Hello, I am very new to DVC so maybe I wrong on what can DVC do.
Here is my problem, I have a dataset of videos that is quite big (so i would rather not duplicate it). I am doing a ML project on it, so I have a git repo for my code. The dataset can possibly evolve in the future (addition of new data, new labels, new features such as transcription etc). So to be reproducible, I was thinking to version the dataset with my code: so when I run experiments, I know on which version of the dataset it was. However it seems impossible to add a dataset if it is not stored within the project repo, even with symlink.

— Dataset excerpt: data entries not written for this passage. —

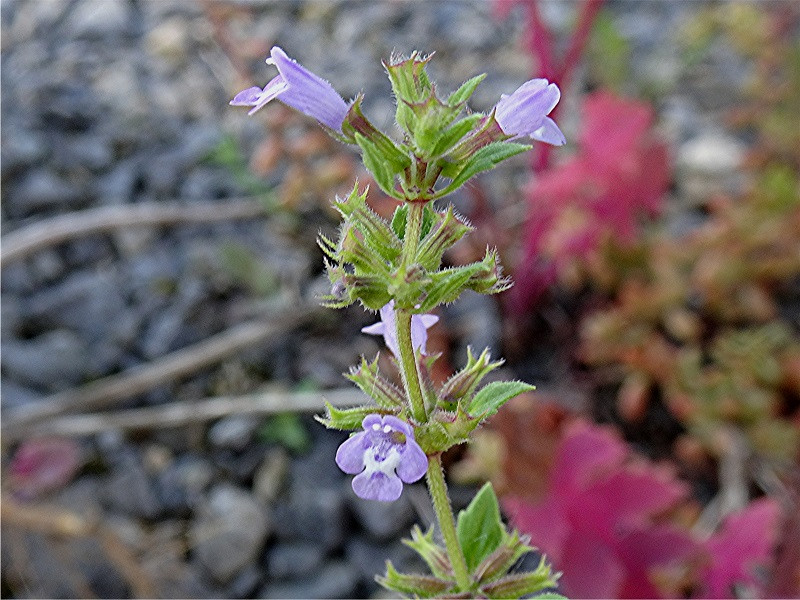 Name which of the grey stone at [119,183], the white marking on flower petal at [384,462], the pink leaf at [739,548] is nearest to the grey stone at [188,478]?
the grey stone at [119,183]

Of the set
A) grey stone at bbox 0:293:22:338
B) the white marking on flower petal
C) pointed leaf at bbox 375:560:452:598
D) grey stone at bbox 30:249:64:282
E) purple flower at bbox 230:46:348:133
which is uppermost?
grey stone at bbox 30:249:64:282

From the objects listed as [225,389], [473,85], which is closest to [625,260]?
[225,389]

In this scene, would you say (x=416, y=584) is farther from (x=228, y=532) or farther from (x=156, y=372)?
(x=156, y=372)

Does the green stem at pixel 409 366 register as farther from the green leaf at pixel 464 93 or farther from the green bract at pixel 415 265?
the green leaf at pixel 464 93

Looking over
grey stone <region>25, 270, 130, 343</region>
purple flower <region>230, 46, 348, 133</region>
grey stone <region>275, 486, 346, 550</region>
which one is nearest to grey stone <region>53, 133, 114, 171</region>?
grey stone <region>25, 270, 130, 343</region>

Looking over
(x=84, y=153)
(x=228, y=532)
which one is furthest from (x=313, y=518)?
(x=84, y=153)

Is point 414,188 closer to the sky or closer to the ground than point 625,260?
closer to the ground

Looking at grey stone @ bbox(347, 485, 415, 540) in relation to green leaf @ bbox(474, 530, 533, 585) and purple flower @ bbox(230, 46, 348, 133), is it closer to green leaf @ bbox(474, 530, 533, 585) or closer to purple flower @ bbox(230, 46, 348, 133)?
green leaf @ bbox(474, 530, 533, 585)

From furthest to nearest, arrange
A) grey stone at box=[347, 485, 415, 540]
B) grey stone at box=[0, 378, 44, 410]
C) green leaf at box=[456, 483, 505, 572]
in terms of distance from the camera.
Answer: grey stone at box=[0, 378, 44, 410] → grey stone at box=[347, 485, 415, 540] → green leaf at box=[456, 483, 505, 572]

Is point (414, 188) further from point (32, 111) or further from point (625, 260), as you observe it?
point (32, 111) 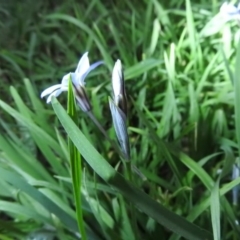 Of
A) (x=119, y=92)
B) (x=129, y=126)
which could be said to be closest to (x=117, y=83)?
(x=119, y=92)

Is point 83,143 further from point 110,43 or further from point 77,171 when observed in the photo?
point 110,43

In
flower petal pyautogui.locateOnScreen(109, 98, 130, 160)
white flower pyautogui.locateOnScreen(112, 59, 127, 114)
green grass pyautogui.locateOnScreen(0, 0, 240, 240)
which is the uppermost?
white flower pyautogui.locateOnScreen(112, 59, 127, 114)

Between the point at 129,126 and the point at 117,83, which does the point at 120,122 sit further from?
the point at 129,126

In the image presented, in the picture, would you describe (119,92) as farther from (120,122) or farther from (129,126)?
(129,126)

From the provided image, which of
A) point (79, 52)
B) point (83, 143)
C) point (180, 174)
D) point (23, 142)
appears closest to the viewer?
point (83, 143)

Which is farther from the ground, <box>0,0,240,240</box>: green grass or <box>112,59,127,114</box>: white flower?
<box>112,59,127,114</box>: white flower

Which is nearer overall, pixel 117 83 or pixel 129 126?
pixel 117 83

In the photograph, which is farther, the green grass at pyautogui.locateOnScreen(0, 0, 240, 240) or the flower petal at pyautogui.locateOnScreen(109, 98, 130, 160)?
the green grass at pyautogui.locateOnScreen(0, 0, 240, 240)

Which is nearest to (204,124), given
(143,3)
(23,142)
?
(23,142)

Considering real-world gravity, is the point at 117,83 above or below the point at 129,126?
above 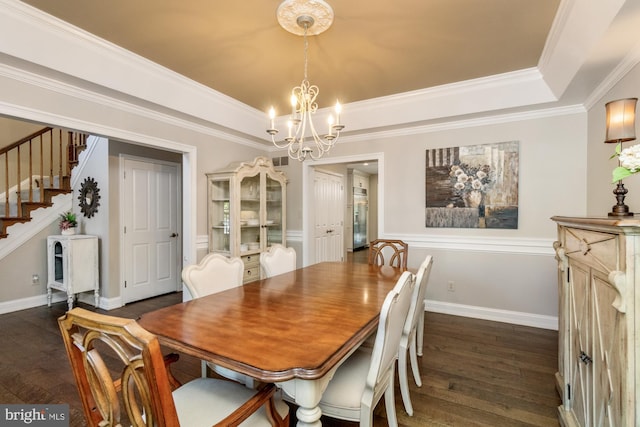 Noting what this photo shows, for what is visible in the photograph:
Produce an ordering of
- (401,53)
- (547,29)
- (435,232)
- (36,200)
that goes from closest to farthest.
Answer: (547,29)
(401,53)
(435,232)
(36,200)

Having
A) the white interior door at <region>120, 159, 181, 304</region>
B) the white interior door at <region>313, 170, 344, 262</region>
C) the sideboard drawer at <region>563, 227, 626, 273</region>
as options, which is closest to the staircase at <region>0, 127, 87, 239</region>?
the white interior door at <region>120, 159, 181, 304</region>

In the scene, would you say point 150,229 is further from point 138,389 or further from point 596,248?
point 596,248

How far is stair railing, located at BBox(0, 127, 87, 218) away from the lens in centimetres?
418

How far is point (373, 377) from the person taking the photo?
51.4 inches

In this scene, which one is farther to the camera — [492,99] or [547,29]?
[492,99]

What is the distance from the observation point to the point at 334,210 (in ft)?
20.0

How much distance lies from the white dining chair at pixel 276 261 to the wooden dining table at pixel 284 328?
13.6 inches

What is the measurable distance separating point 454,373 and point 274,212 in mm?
2951

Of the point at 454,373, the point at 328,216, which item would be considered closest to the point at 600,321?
the point at 454,373

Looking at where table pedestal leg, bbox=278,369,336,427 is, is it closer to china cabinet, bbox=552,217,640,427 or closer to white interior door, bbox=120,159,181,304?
china cabinet, bbox=552,217,640,427

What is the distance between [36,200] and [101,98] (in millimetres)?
2723

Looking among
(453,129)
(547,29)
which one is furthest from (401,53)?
(453,129)

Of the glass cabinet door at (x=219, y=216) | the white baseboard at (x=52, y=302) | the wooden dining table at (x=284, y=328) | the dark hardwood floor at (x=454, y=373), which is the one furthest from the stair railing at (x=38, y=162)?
the wooden dining table at (x=284, y=328)

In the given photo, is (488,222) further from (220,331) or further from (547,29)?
(220,331)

I don’t want to move the dataset to the repo because the dataset may be used for other projects in the future. Is it possible to do this with DVC ? I cannot find in the documentation a way of addling dataset that are not in the project repo but that are stored locally. Note that thre is no plan to put the dataset online or on some cloud service.
Thanks for the help,
Ravi
1 Like
If the dataset is always going to be local, but never in the repo, you could add an always_changes pipeline stage to create some identifying information about it (like a hash) and write it to a file. Then have your other stages depend on that file.
stages:
calc-hash:
cmd: python scripts/calc-hash.py
deps:
- scripts/calc-hash.py
outs:
- data/my-dataset-info.json
always_changed: true
gen-features:
cmd: python scripts/gen-features.py
deps:
- scripts/gen-features.py
- data/my-dataset-info.json
outs:
- data/features.csv
Hello Pete. In you suggestion, it is not clear whether the calc-hash pipeline stage uses DVC to version the external dataset into the DVC Cache, or if its a manual versioning without saving to cache (defeating the purpose of dvc)
It does not use DVC to version the dataset. It uses DVC to manage what happens if the dataset changes, and its hash is kept in the repo (actually it should just be kept in Git, not DVC, i.e., using cache: false in the output definition). This way, the outputs of the gen-features stage, for example, can be traced back to an exact hash of the source data, even though the data is kept out of the repo.